Take the material below and output exactly the run of lines from the one containing "Ann Taylor Blazer" down to the one containing "Svislá skalní stěna", with both included.

PROVIDED MATERIAL:
--- START ---

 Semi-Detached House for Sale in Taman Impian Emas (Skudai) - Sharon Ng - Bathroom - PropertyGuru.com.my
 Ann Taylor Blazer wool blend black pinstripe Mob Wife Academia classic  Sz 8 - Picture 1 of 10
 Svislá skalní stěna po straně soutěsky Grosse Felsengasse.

--- END ---
--- START ---

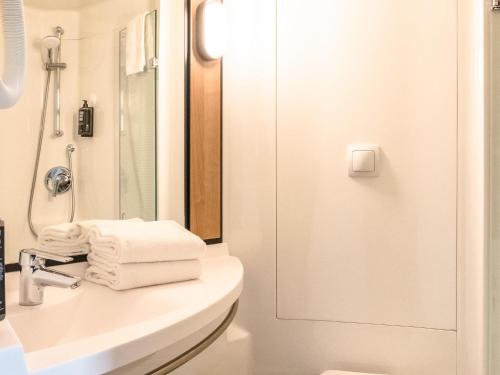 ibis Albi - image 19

--- END ---

TASK RESULT:
 Ann Taylor Blazer wool blend black pinstripe Mob Wife Academia classic  Sz 8 - Picture 1 of 10
 Svislá skalní stěna po straně soutěsky Grosse Felsengasse.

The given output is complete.